--- Provided records Enclosed Below ---
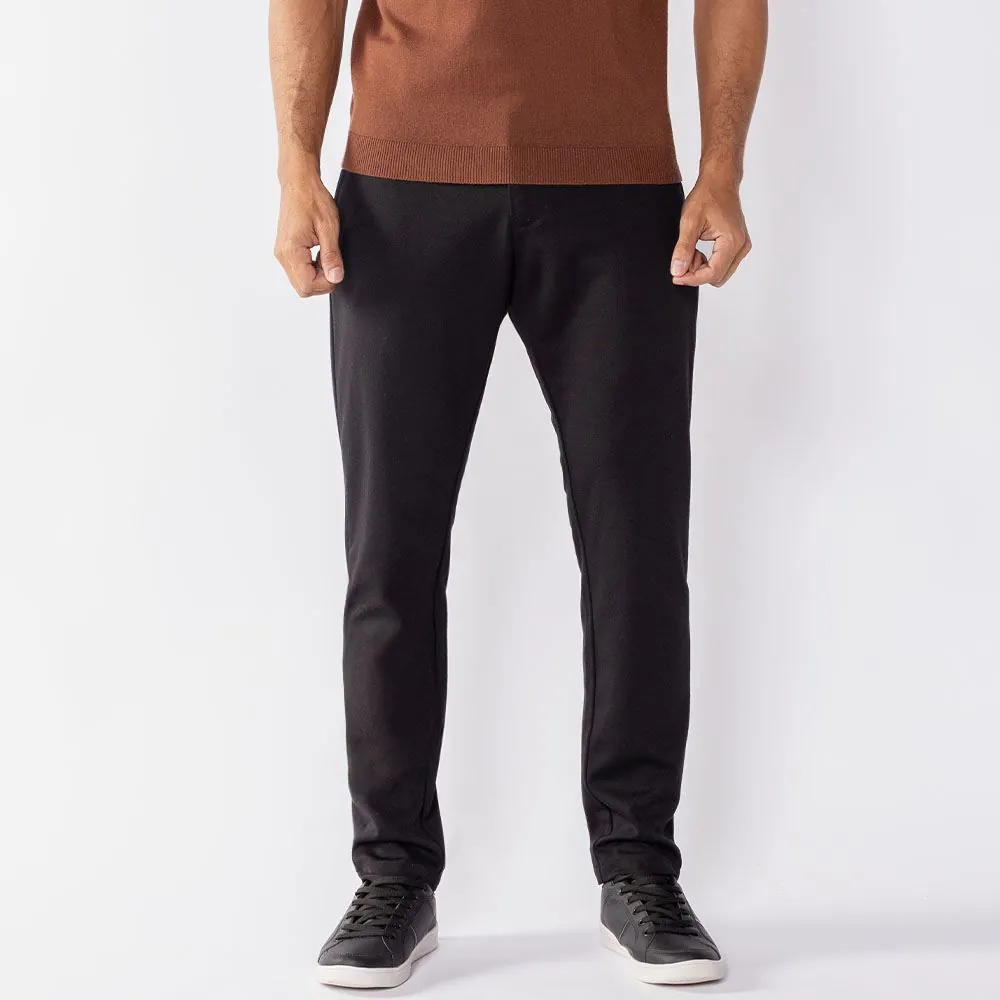 Calça Alfaiataria Masculina em Moletom Thing Preto Solido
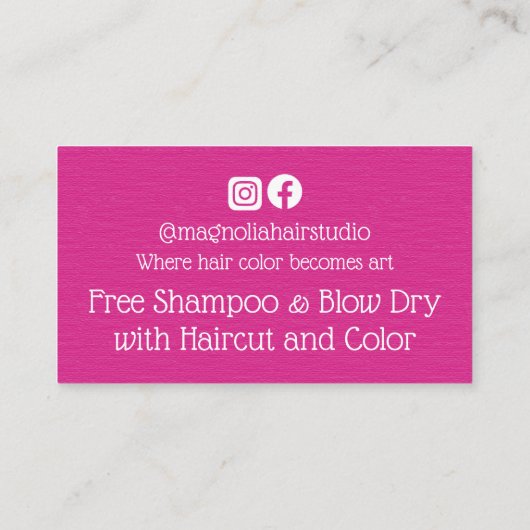 Kostenloser Service für moderne Magenta Magnolia-L Rabattkarte (Rückseite)
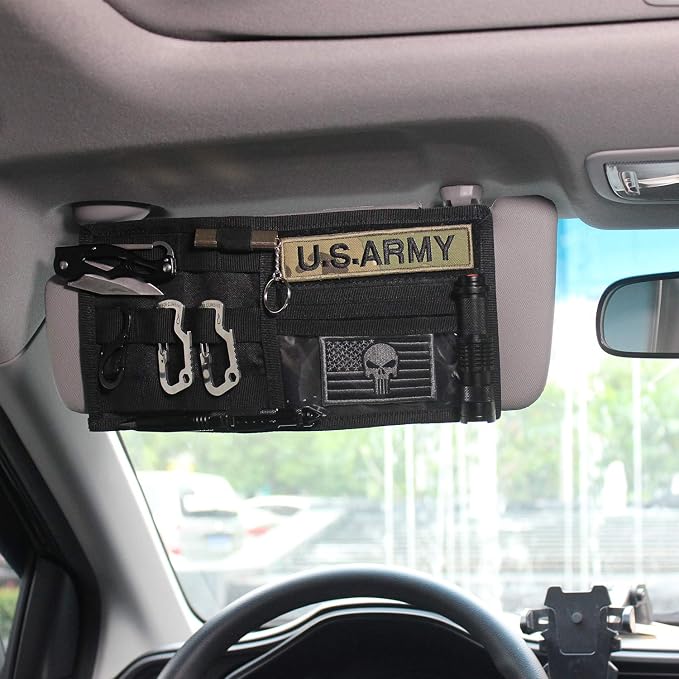 WYNEX Car Sun Visor Organizer MOLLE Panel Fit Most Cars | Small-11.8x6.3", Visor Storage Pouch for Small Tools, Glasses & Docs, Fit Sedan Suvs Vans
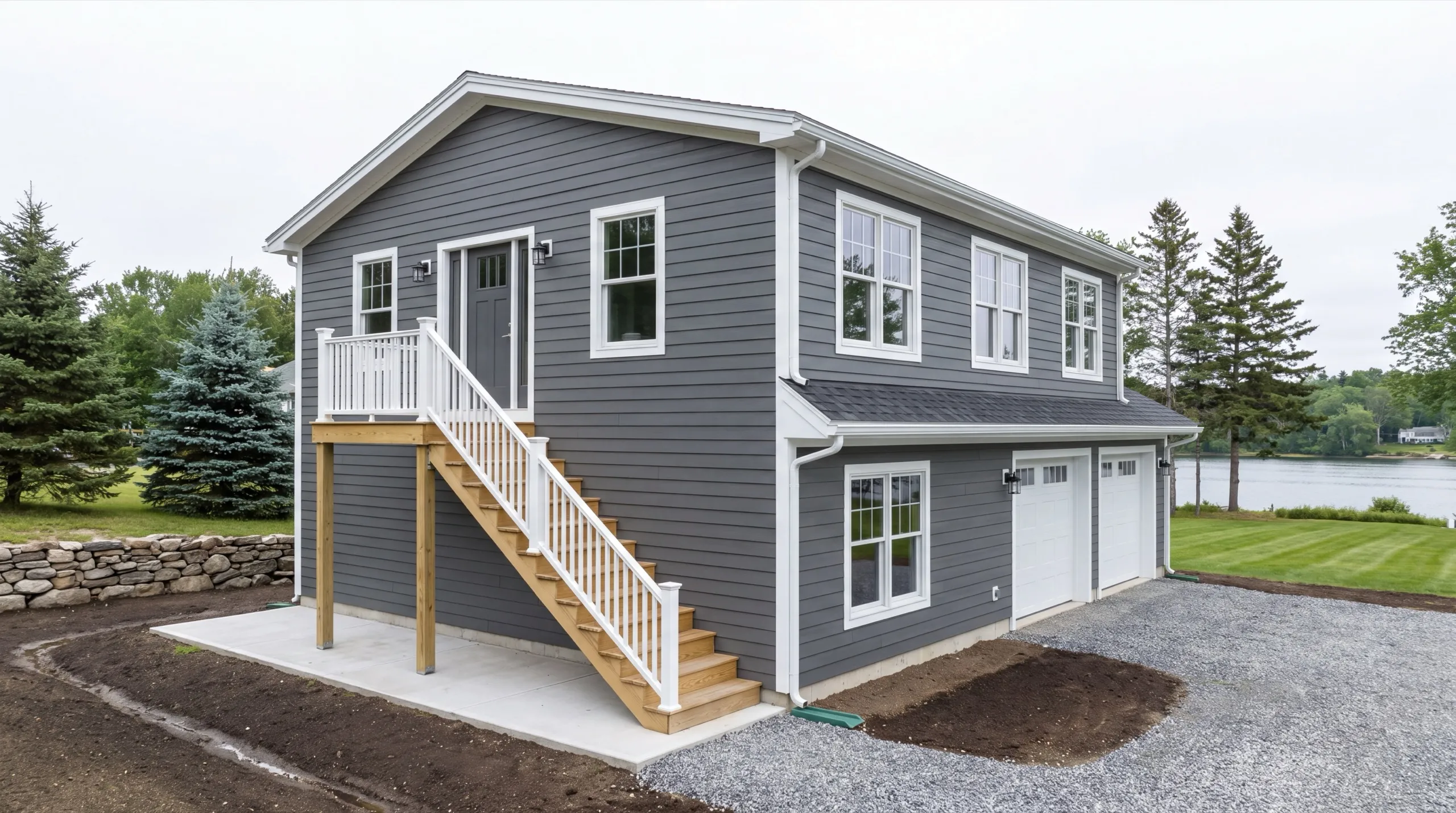 Accessory dwelling unit builder Richmond Maine: finished gray two-bay garage with an apartment above and a side exterior stair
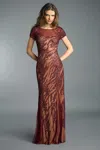 Basix Black Label Sequined Short Sleeve Gown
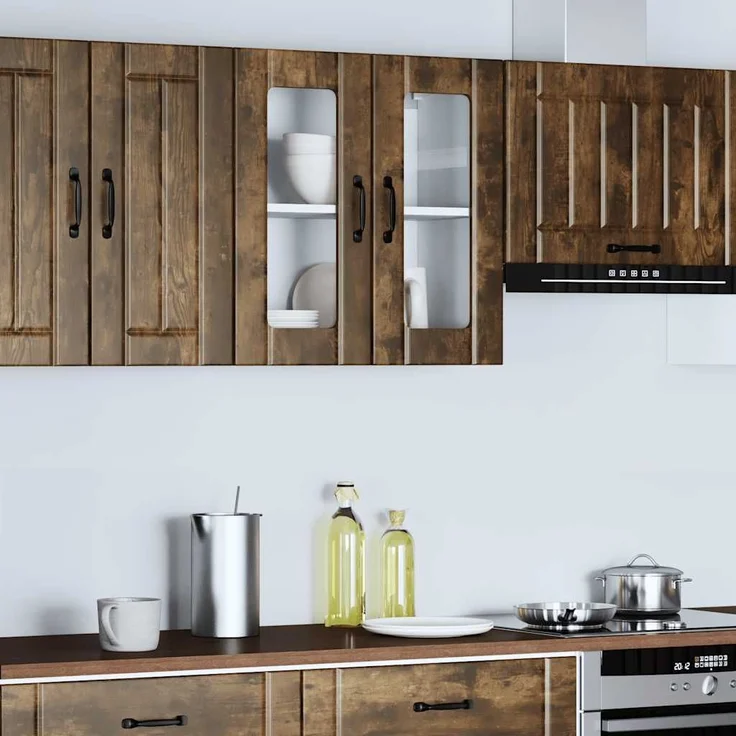 vidaXL Küchen-Hängeschrank mit Glastür Lucca Räuchereiche Holzwerkstoff 853912 – Bild 3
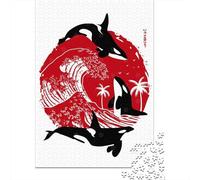 Orcas in The Great Wave Puzzle Adulte 1000 Pièces, 38x26cm/1000pcs, Moment Tranquille Autour De La Table; Pièces en Carton Blanc Au Fini Lisse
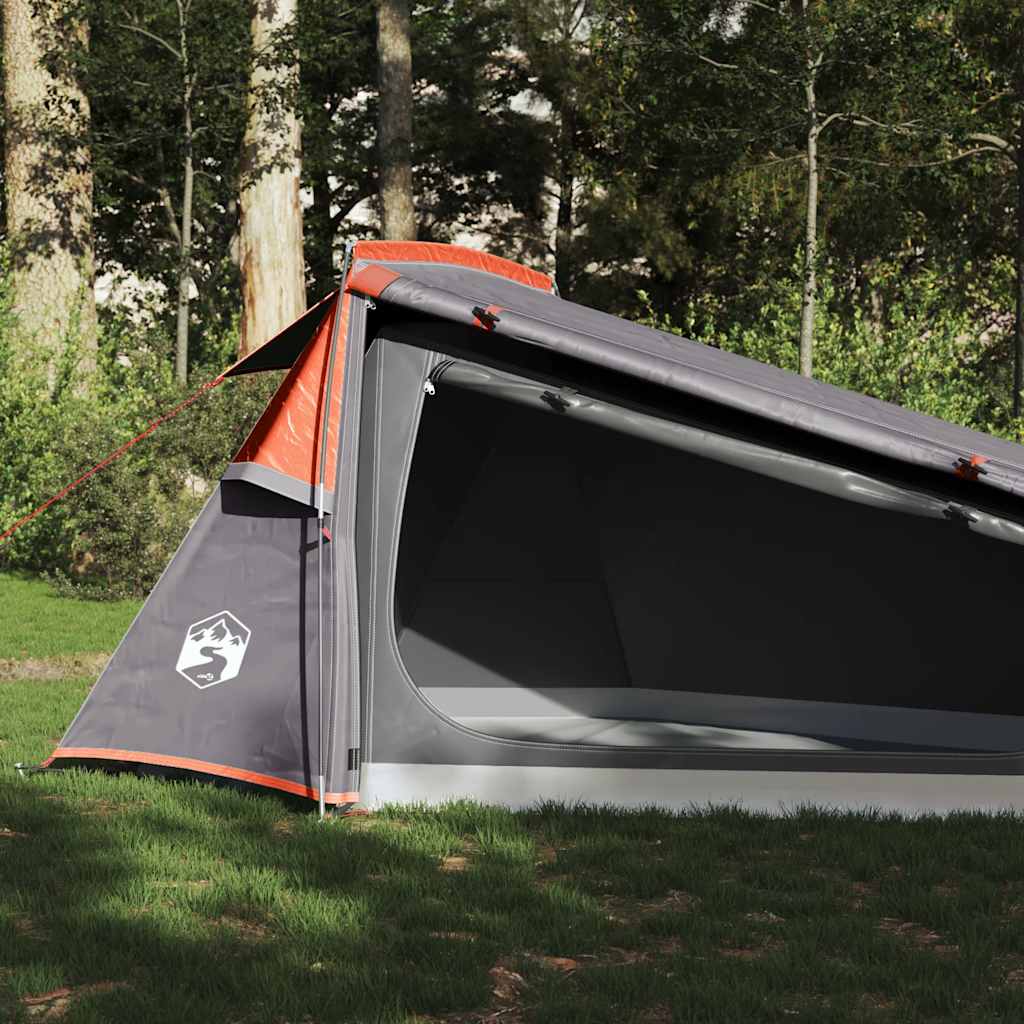 vidaXL Camping Tent Tunnel 2-Person Grey and Orange Waterproof - 43289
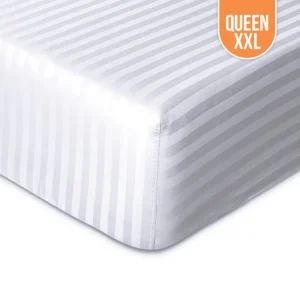 T-250 White Stripe Bed Sheet Queen Fitted XXL – 60″x80″x15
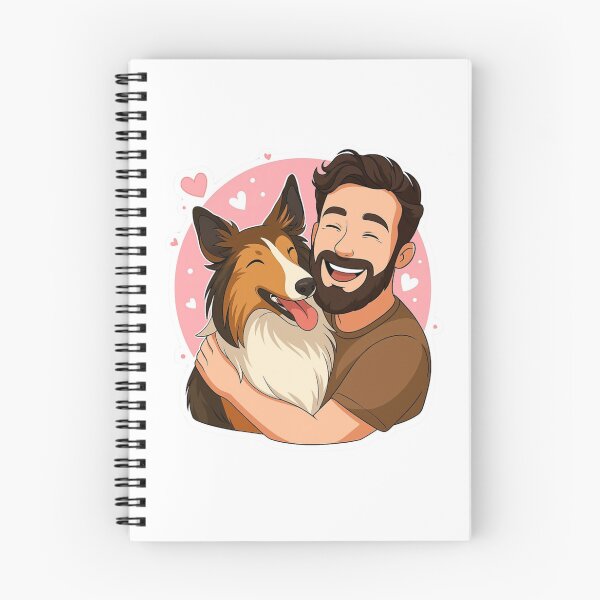 Item preview, Loyal Companions: Man & Rough Collie Cartoon designed and sold by GoodyPaws.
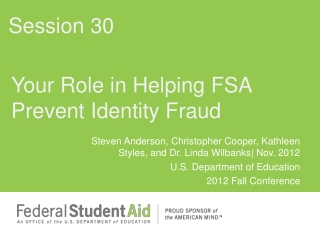 Your Role in Helping FSA Prevent Identity Fraud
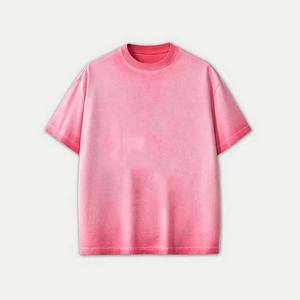 Camiseta de algodón 100% de lujo para hombre, camisetas lavadas con ácido de gran tamaño con logotipo Vintage en blanco de alta calidad, camiseta personalizada desteñida para hombre - Product Image 1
--- End of Enclosed Provided records ---
◆ Work order ◆
Print, please, exactly the lines from the one holding "vidaXL Küchen-Hängeschrank mit" through the final line of the data, both included, while leaving out each picture.

◆ The answer ◆
 vidaXL Küchen-Hängeschrank mit Glastür Lucca Räuchereiche Holzwerkstoff 853912 – Bild 3
 Orcas in The Great Wave Puzzle Adulte 1000 Pièces, 38x26cm/1000pcs, Moment Tranquille Autour De La Table; Pièces en Carton Blanc Au Fini Lisse
 vidaXL Camping Tent Tunnel 2-Person Grey and Orange Waterproof - 43289
 T-250 White Stripe Bed Sheet Queen Fitted XXL – 60″x80″x15
 Item preview, Loyal Companions: Man & Rough Collie Cartoon designed and sold by GoodyPaws.
 Your Role in Helping FSA Prevent Identity Fraud
 Camiseta de algodón 100% de lujo para hombre, camisetas lavadas con ácido de gran tamaño con logotipo Vintage en blanco de alta calidad, camiseta personalizada desteñida para hombre - Product Image 1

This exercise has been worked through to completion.